Start of Block

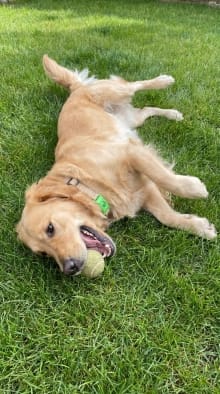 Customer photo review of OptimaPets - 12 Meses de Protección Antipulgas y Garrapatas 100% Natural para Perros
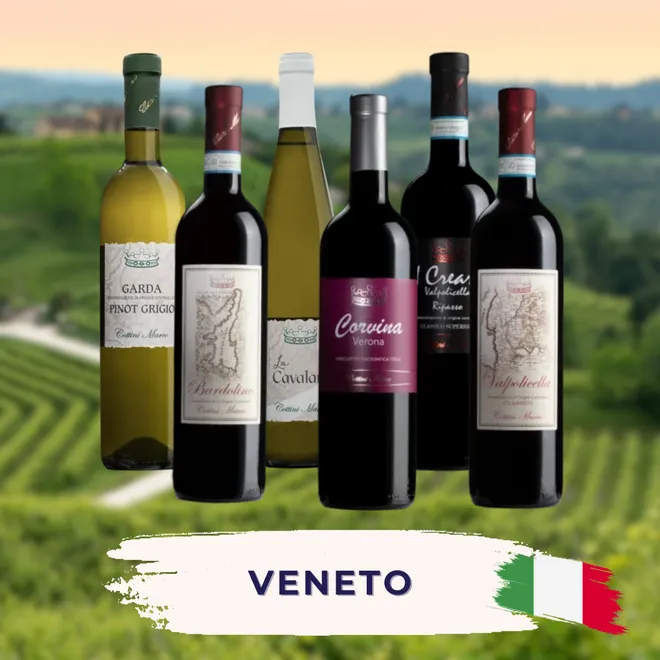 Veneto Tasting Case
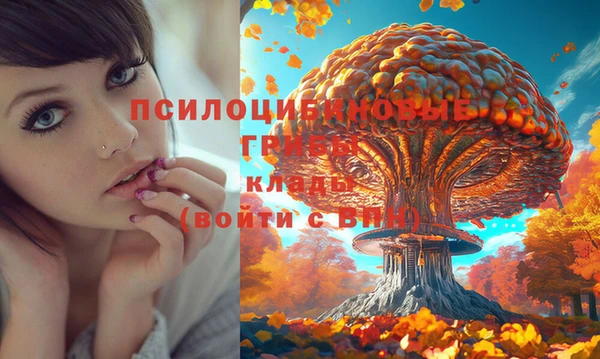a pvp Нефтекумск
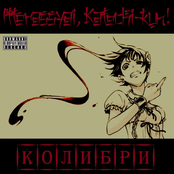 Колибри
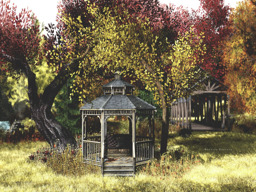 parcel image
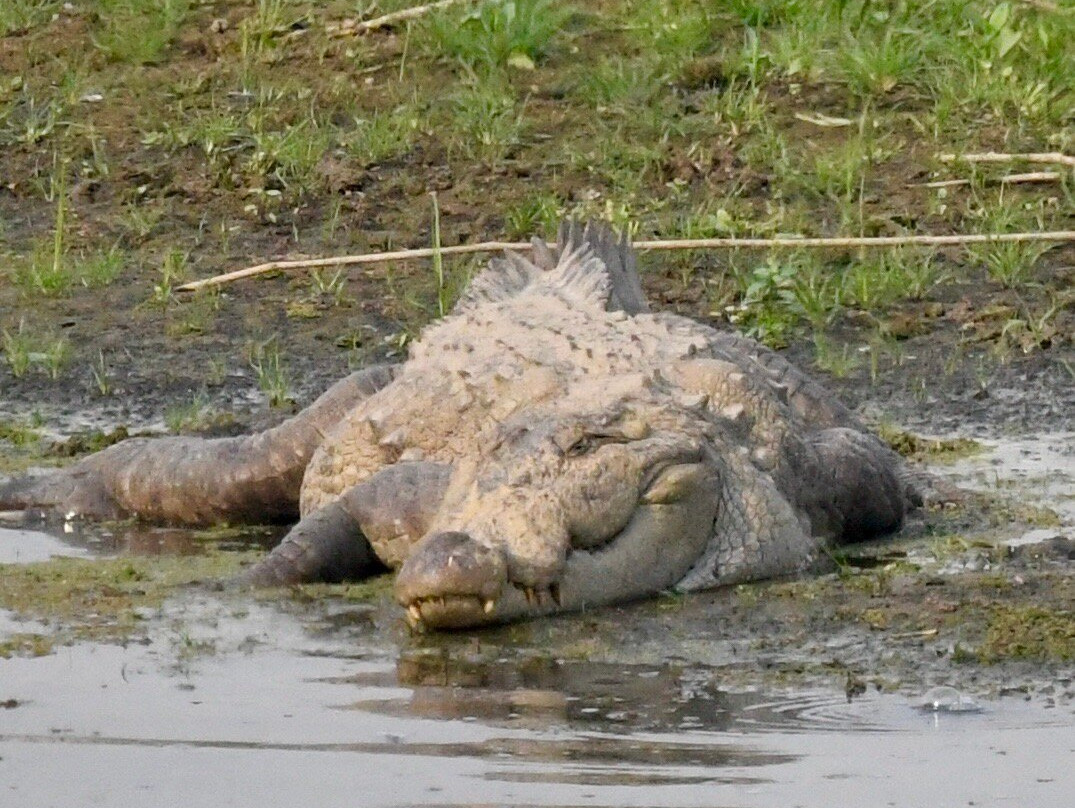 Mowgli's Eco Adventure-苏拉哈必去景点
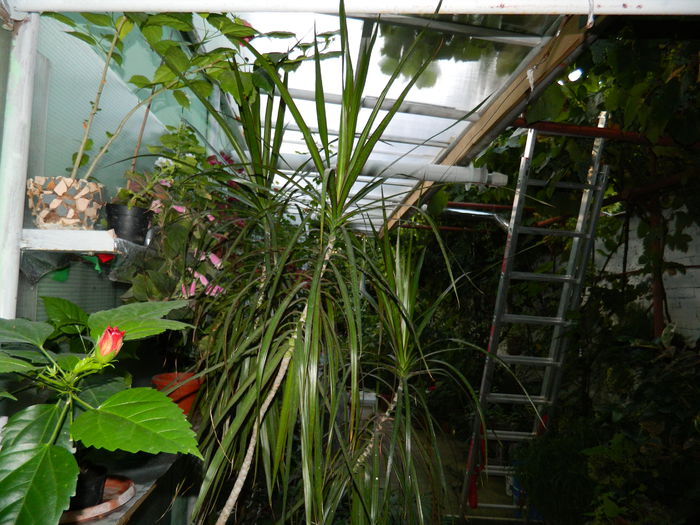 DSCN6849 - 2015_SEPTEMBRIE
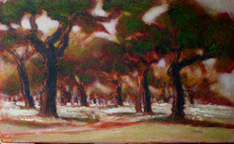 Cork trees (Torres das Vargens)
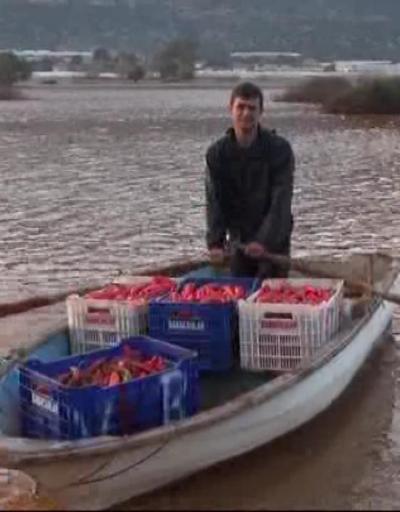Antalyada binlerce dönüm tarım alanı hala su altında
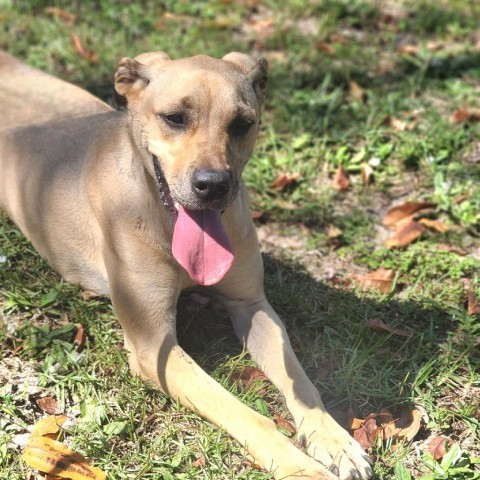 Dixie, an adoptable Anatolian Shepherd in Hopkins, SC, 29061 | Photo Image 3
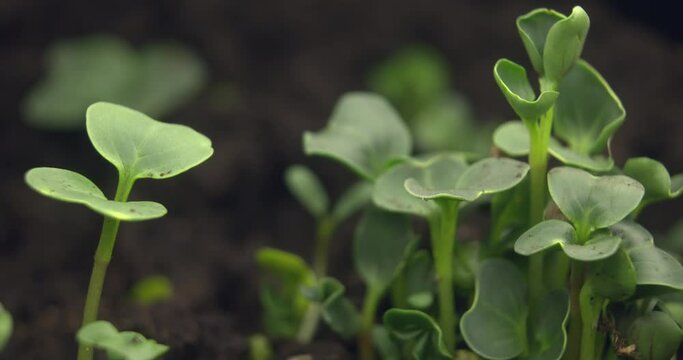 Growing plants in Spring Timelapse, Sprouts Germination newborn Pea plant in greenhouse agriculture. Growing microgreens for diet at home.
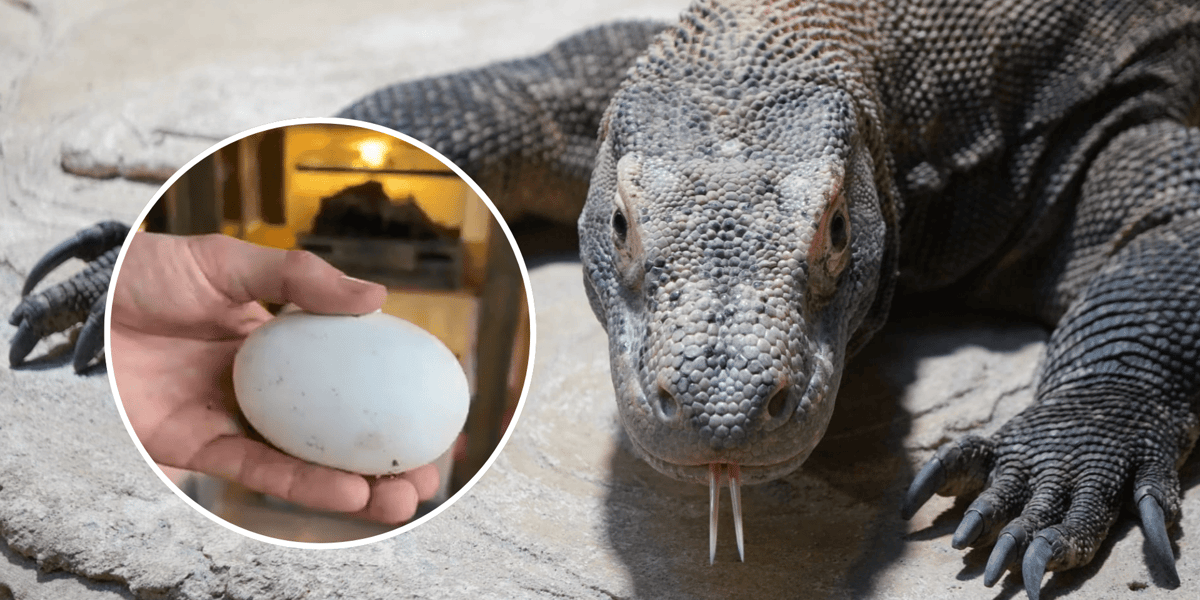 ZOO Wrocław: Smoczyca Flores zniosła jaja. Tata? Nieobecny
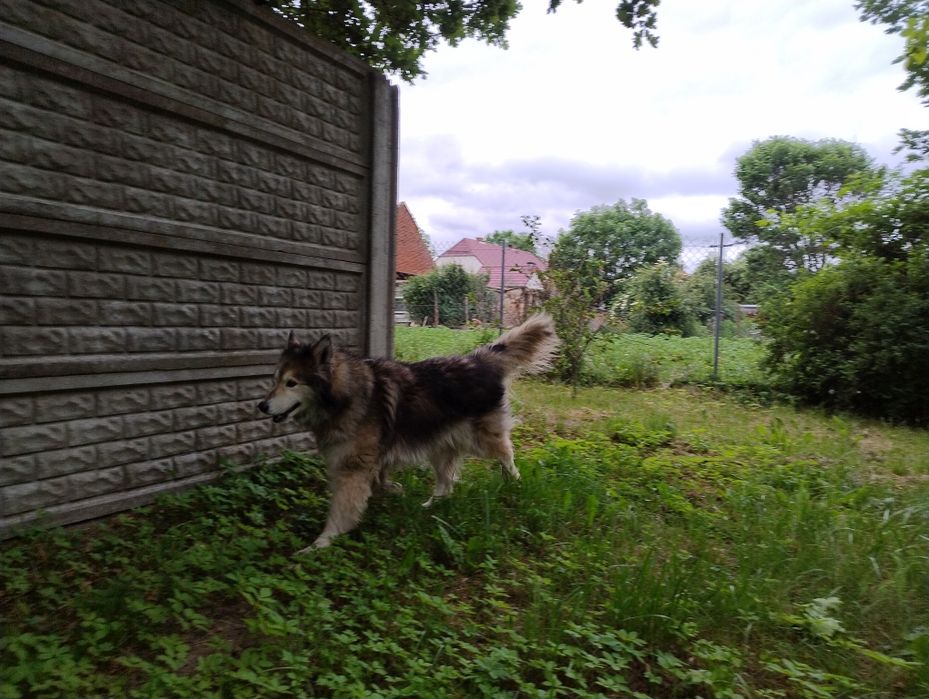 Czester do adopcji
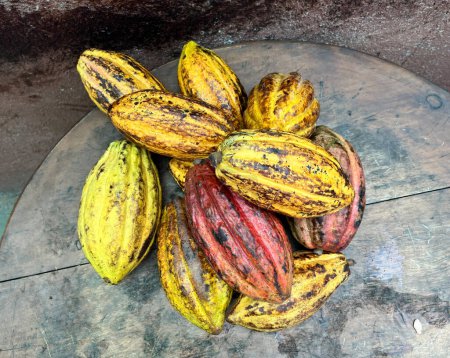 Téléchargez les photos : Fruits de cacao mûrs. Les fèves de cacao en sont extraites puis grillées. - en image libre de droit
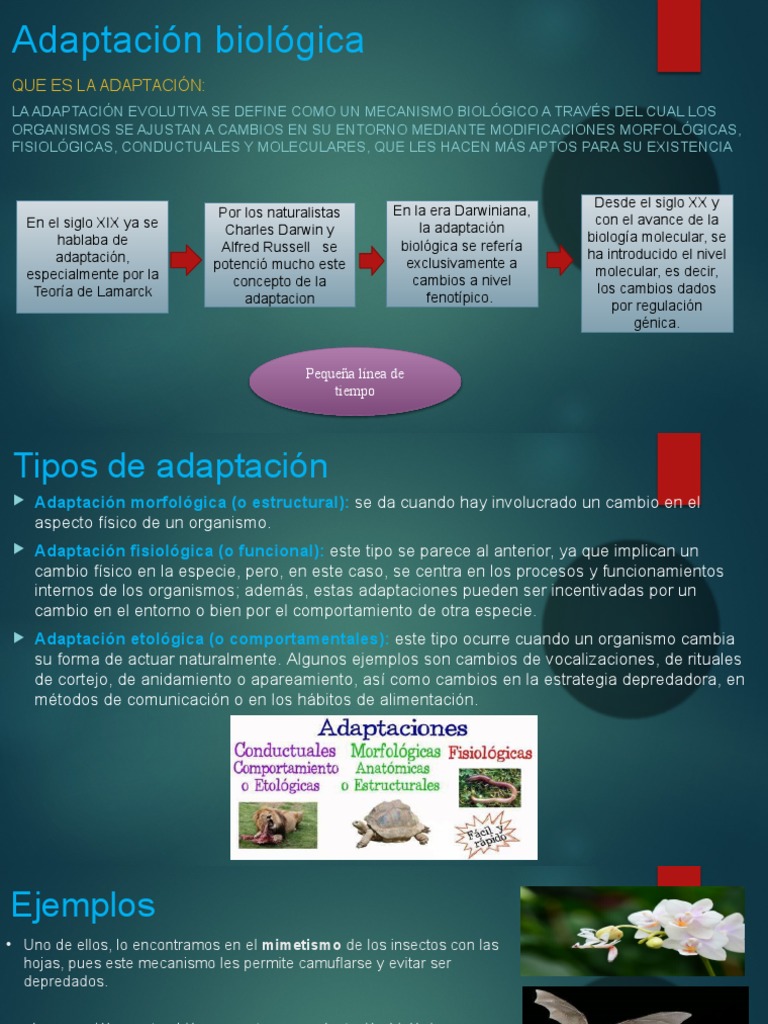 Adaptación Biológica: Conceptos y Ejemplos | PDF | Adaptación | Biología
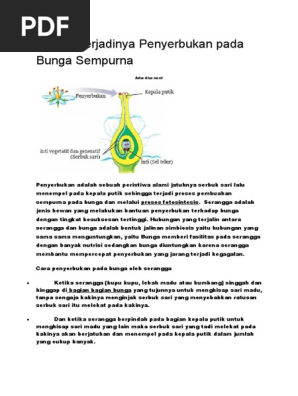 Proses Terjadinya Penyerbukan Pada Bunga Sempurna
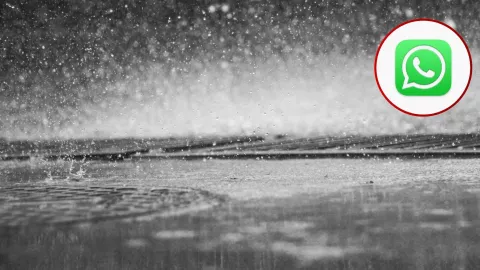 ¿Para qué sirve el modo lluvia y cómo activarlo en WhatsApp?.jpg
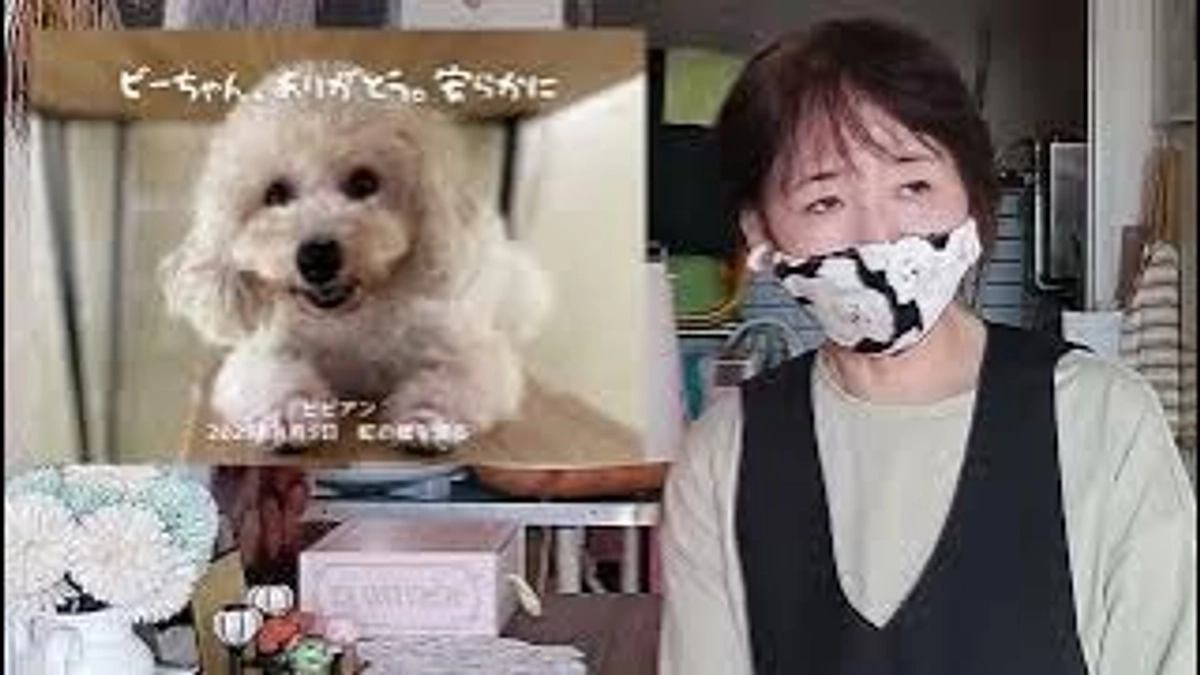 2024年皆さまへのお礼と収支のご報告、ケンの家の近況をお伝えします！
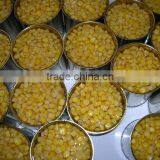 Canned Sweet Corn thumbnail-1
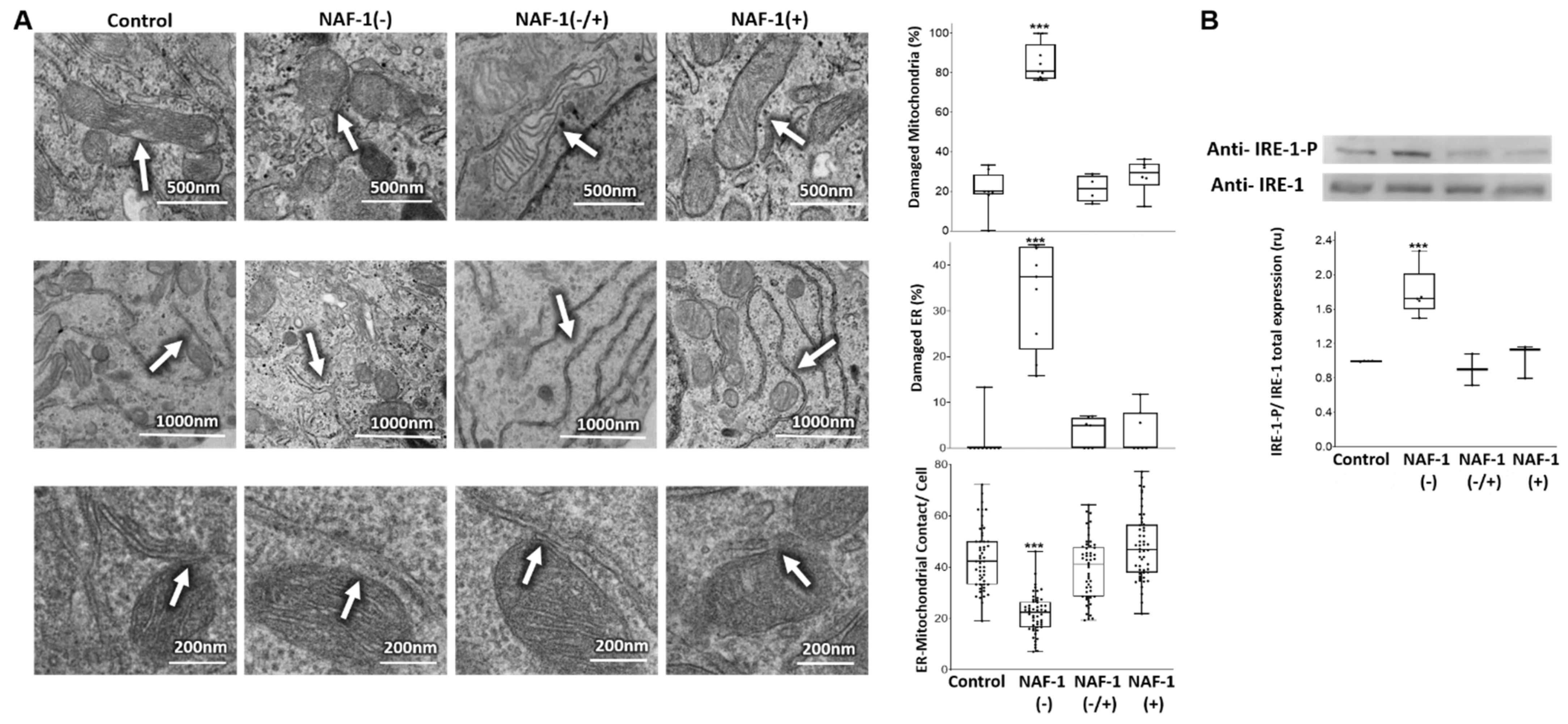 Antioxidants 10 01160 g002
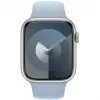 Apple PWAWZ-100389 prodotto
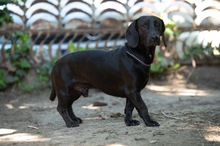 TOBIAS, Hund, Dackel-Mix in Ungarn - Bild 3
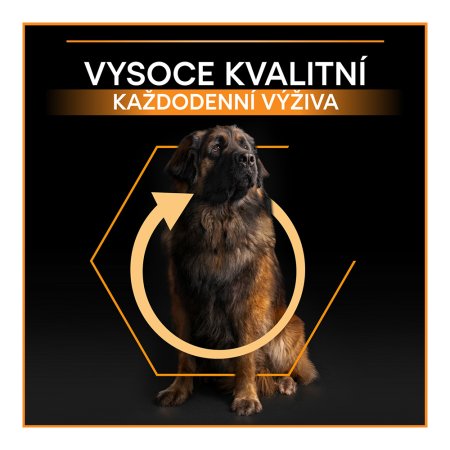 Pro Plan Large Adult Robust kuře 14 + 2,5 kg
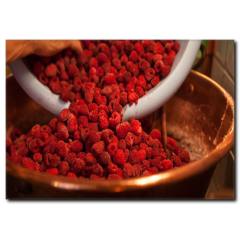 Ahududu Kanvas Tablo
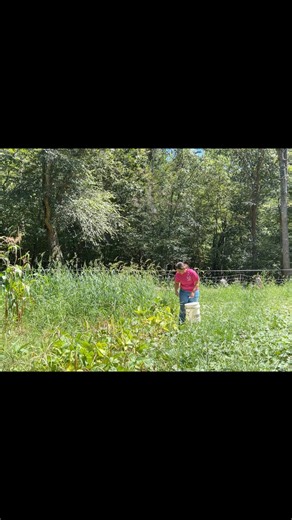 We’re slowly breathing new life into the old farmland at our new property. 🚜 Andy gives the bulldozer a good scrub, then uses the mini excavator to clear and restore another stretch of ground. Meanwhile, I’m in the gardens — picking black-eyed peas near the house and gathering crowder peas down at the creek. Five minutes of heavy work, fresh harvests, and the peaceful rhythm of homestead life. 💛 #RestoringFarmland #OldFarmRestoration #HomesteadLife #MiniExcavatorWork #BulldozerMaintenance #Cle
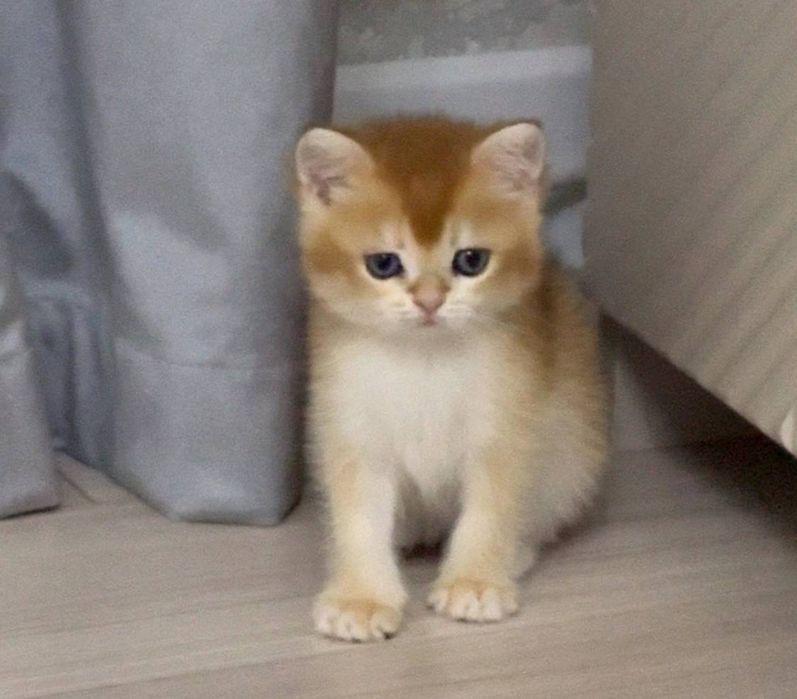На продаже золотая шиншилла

End of Block

* TASK DIRECTIONS: Reproduce the lines above beginning at the line that contains "Téléchargez les photos" and ending at the line that contains "Antioxidants 10 01160 g002". No pictures.

* RESPONSE:
 Téléchargez les photos : Fruits de cacao mûrs. Les fèves de cacao en sont extraites puis grillées. - en image libre de droit
 Adaptación Biológica: Conceptos y Ejemplos | PDF | Adaptación | Biología
 Proses Terjadinya Penyerbukan Pada Bunga Sempurna
 ¿Para qué sirve el modo lluvia y cómo activarlo en WhatsApp?.jpg
 2024年皆さまへのお礼と収支のご報告、ケンの家の近況をお伝えします！
 Canned Sweet Corn thumbnail-1
 Antioxidants 10 01160 g002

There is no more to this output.